When checking resources, some clients might reserve resources. (like running an instance from the cloud).

After checking all the clients and if the Job Scheduler decides the job is not runnable. The client’s Resource Manager will be called to cancel the resources it might have reserved for the job (using the cancel_resources method in Resource Manager).

The Job Scheduler is invoked periodically to try to run as many jobs as possible.

Once a job is dispatched to a client, the Resource Manager is called to allocate the required resources (using the allocate_resources method). Once the job is started on the client, it will call the Resource Consumer to consume the resources.

Once the job is finished (completed normally or aborted), the Resource Manager is called again to free the resources (using the free_resources method).

Example of GPU-based job automation

Here is an example of GPU-based job automation, where a job is deployed only if clients have enough GPUs.

First, the resource requirement of GPUs is defined as the key/value pair of “num_gpus”/integer in the job’s resource_spec, say, “num_gpus”: 2.

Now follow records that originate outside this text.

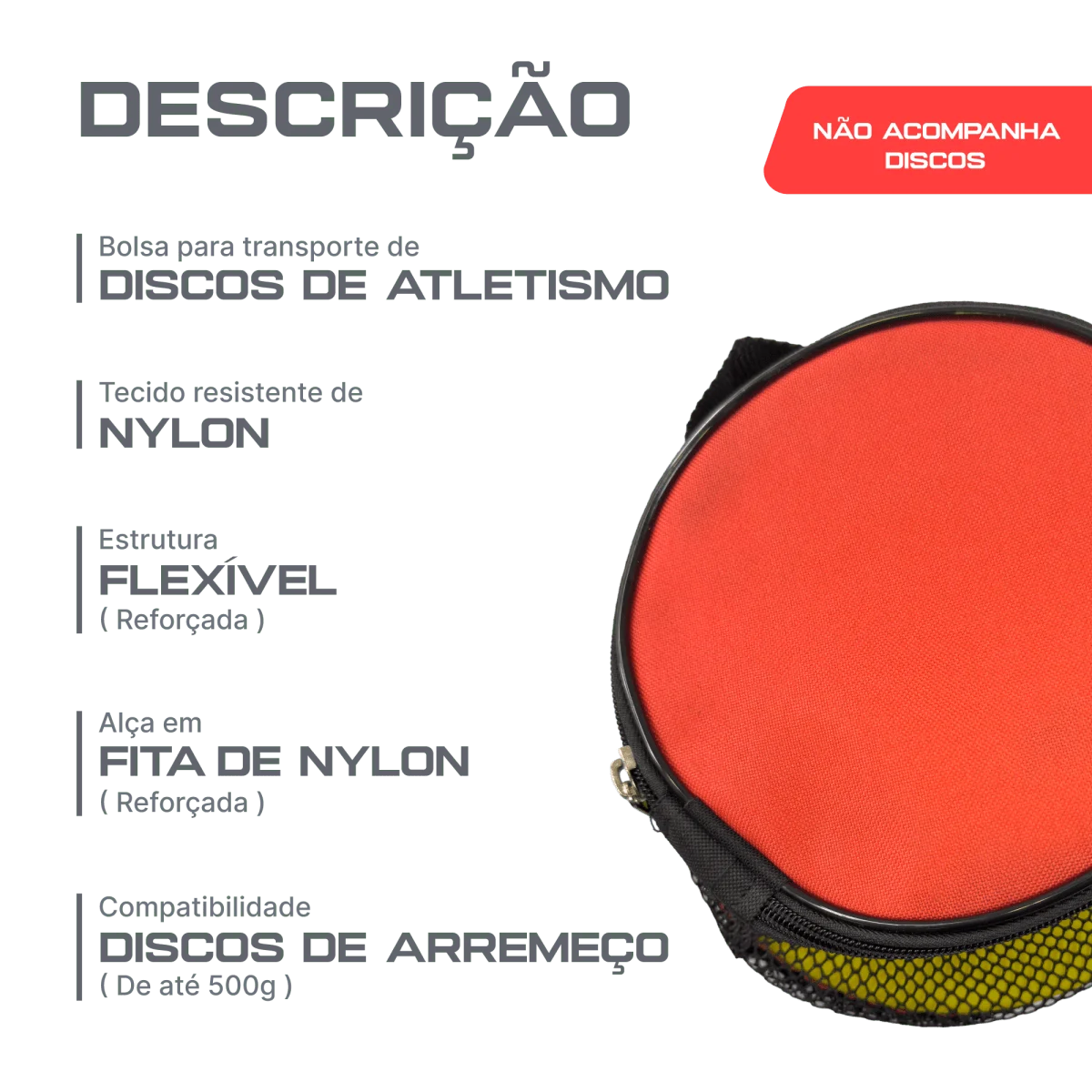 Bolsa para transporte de discos de PVC Pista e Campo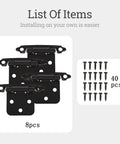 Heavy Duty Cabinet Hinges 8 Pack With Slick Self Closing Action And Surefire Half Inch Overlay Setup For No Fuss Kitchen Remodels In Solid Satin Black Steel That Runs Like Butter Daily with 8 hinges and 40 screws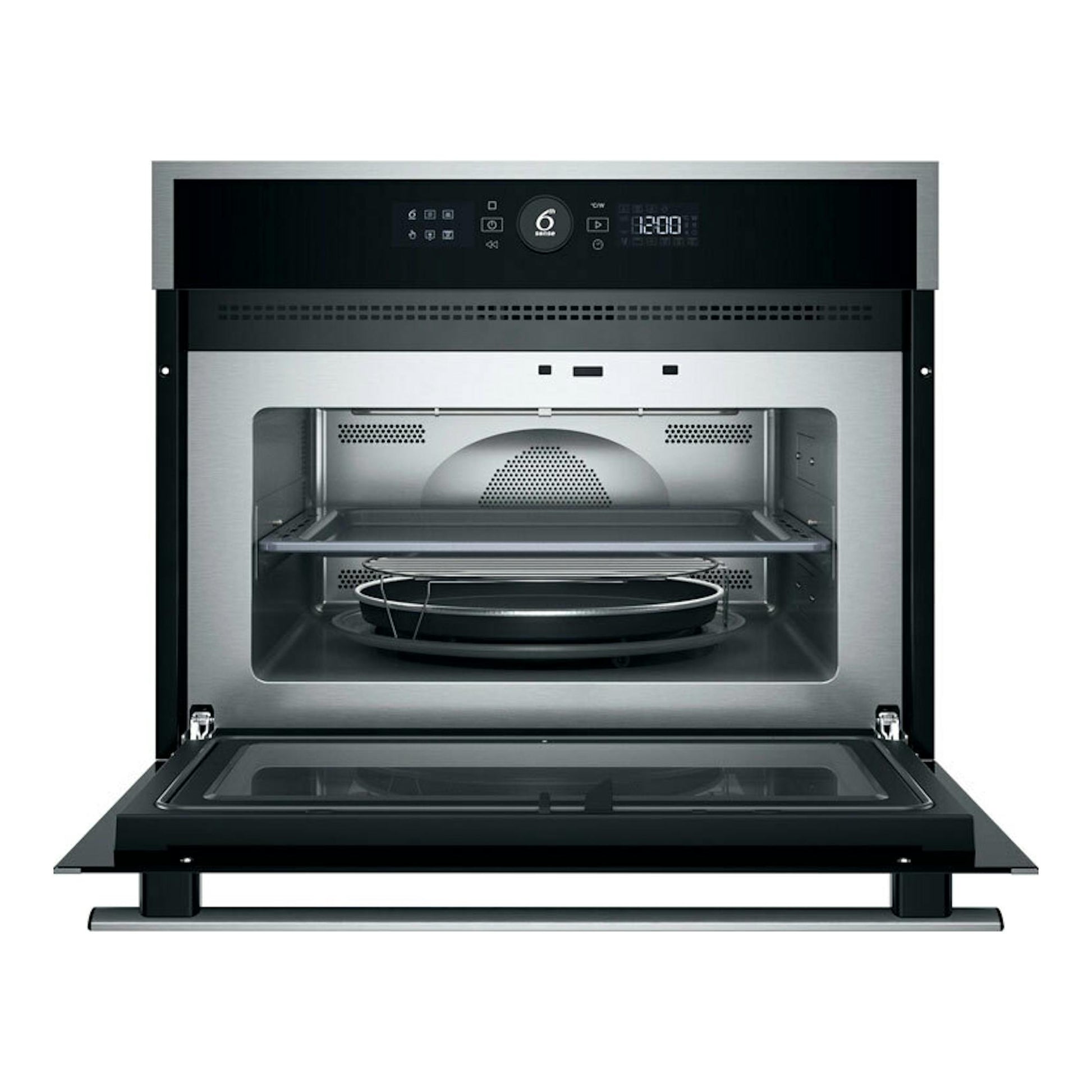 Microondas integrable Whirlpool WMW47HMX, vista frontal abierta, acabado negro y acero inoxidable.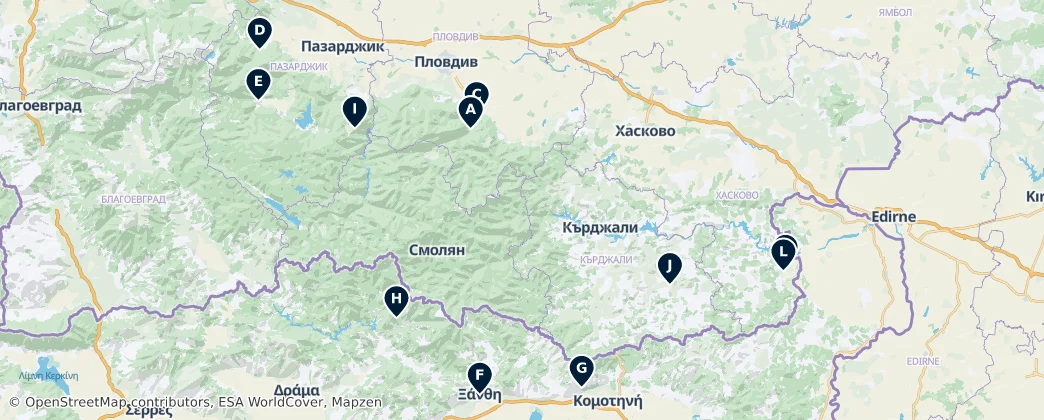 Historic Churches of the Rhodopes — Térkép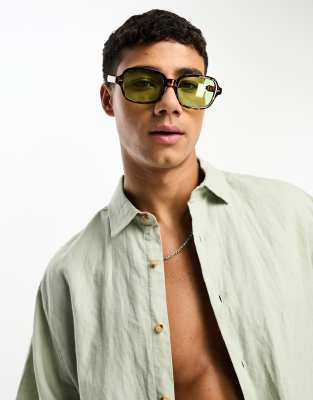 Jack & Jones retro square sunglasses in brown  - ASOS Price Checker
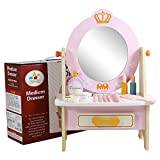 Moageme Girl Salon Set | Wooden Dressing Table Vanity Mirror Pretend Play Toy Set with Wooden Perfume Lipstick Eye Shadow Plate Comb Makeup Brush, Pretend Play Toy Set for Little Girls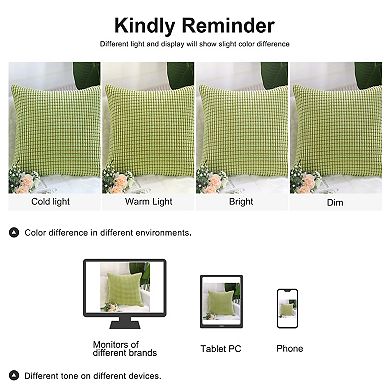 Soft Corduroy Striped Velvet Decorative Throw Pillow Cusion Cover, 20"x20"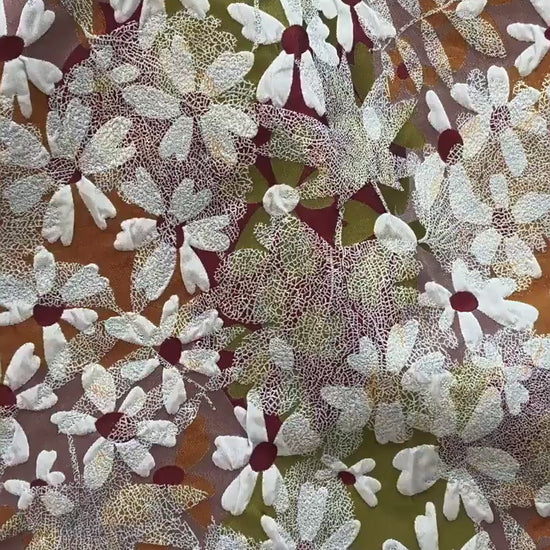 3D Floral Jacquard Fabric, Vintage Daisy Embossed Woven Textile, Textured Flower Brocade Fabric for Dress, Jacket, DIY Sewing, 60"Wide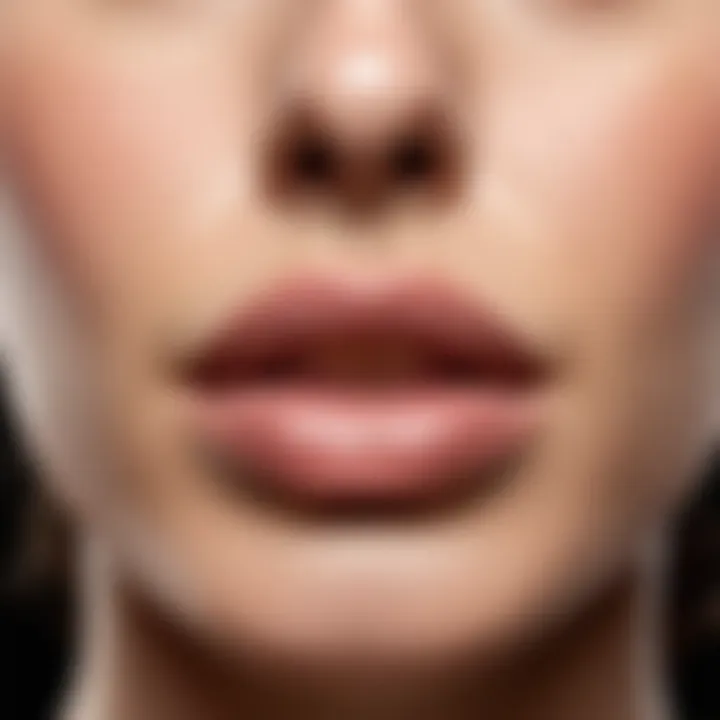 Close-up of olive oil application on lips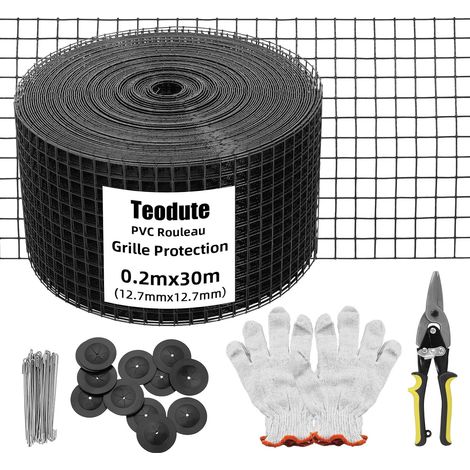Rouleau Grille Protection Panneaux Solaires 20cm x 30m Kit Treillis Anti-Oiseau 70 Attaches INOX Revêtement en PVC Antirouille Maille Métallique 12,7 mm pour Empercher Créatures Écureuils (1/5)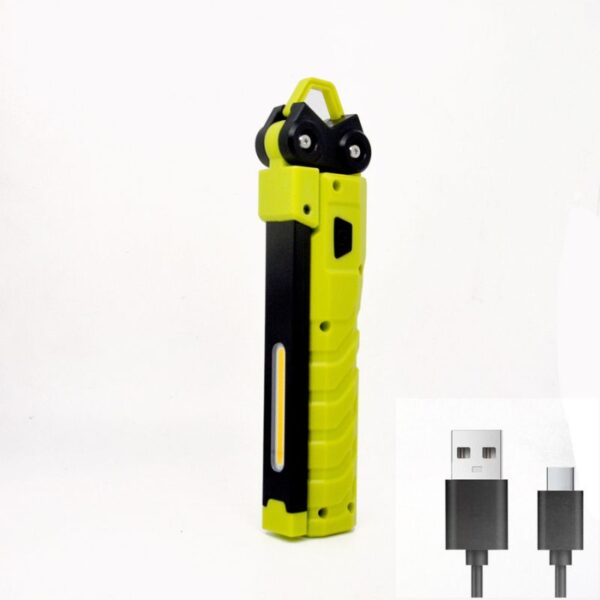 Rechargeable portable LED work light with integrated battery and USB charging cable for outdoor and emergency use.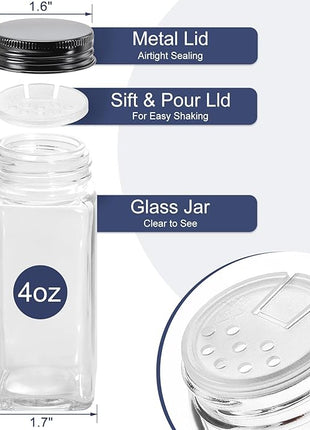 AOZITA Spice Rack Organizer for Cabinet, Spice Organizer with 28 Empty Spice Jars with Black Lids, Funnel, Spice Labels, Seasoning Organizer for Countertop, Cabinet, Kitchen, Pantry, Cupboard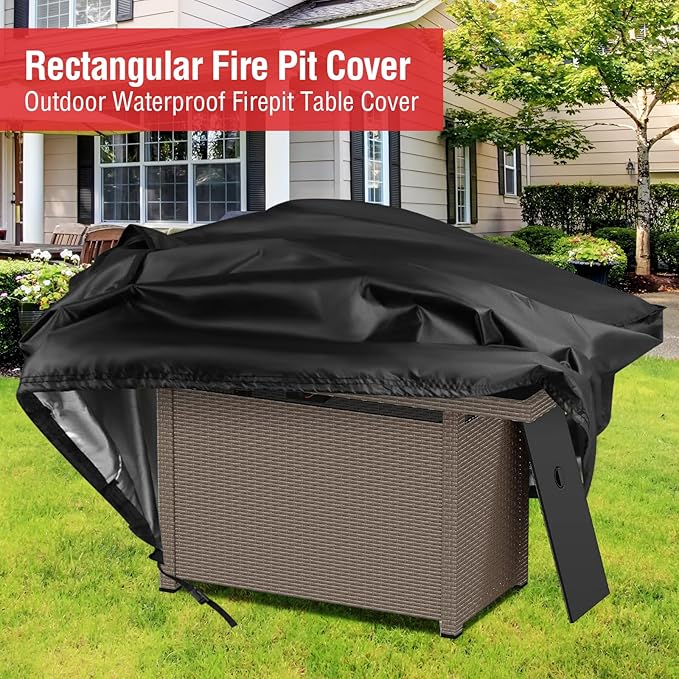 Rectangular Fire Pit Cover for Best Choice Products 52 inch Gas Fire Pit Table,Outdoor Waterproof Propane Firepit Table Cover - 52 X 34 X 25 Inch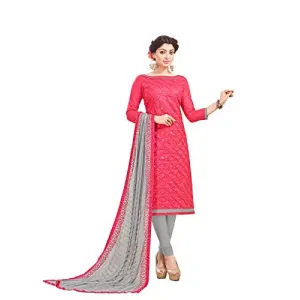 DnVeens Women Cotton Mirror Work Churidar Dress Material Unstitched Salwar Kameez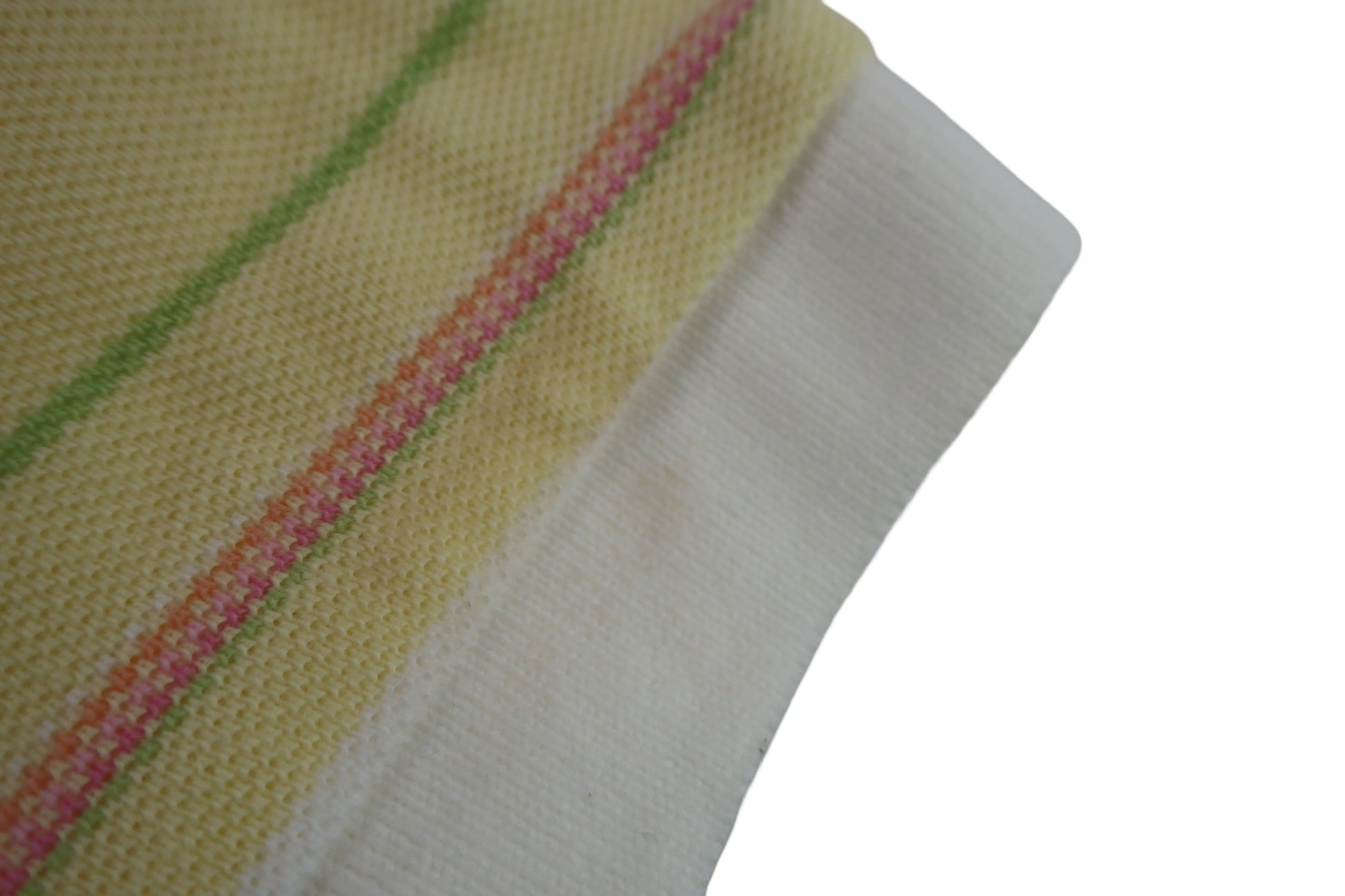 le coq sportif(ルコックスポルティフ) 半袖ポロシャツ 黄ピンク白ボーダー レディース L B-4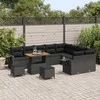 Lauko baldų komplektas Sodo Sofų Rinkinys 12 pcs Juoda poliratanas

Second, the Resource Manager on the Client decides whether it has 2 GPUs when called. This could be done by statically configuring available GPUs at the start of the Resource Manager, or it might be able to auto-detect. Here we use a simple Resource Manager that takes the 1st approach: it has a list of available GPU IDs. When called to check resource requirements, it simply checks whether the list contains at least 2 GPU IDs.

Third, if the Job Scheduler decides to run the job, the Resource Manager will be called to allocate the 2 required GPUs - it will return a list of 2 GPU IDs and remove them from the list of available GPUs .

Fourth, when the job is started (in a separate “bubble”), the Resource Consumer will be called to consume the resources (which is the list of 2 GPU device IDs). In this case, this Resource Consumer simply sets the CUDA_VISIBLE_DEVICES system variable to the 2 GPU IDs. This ensures that each concurrent job will be using different GPU devices.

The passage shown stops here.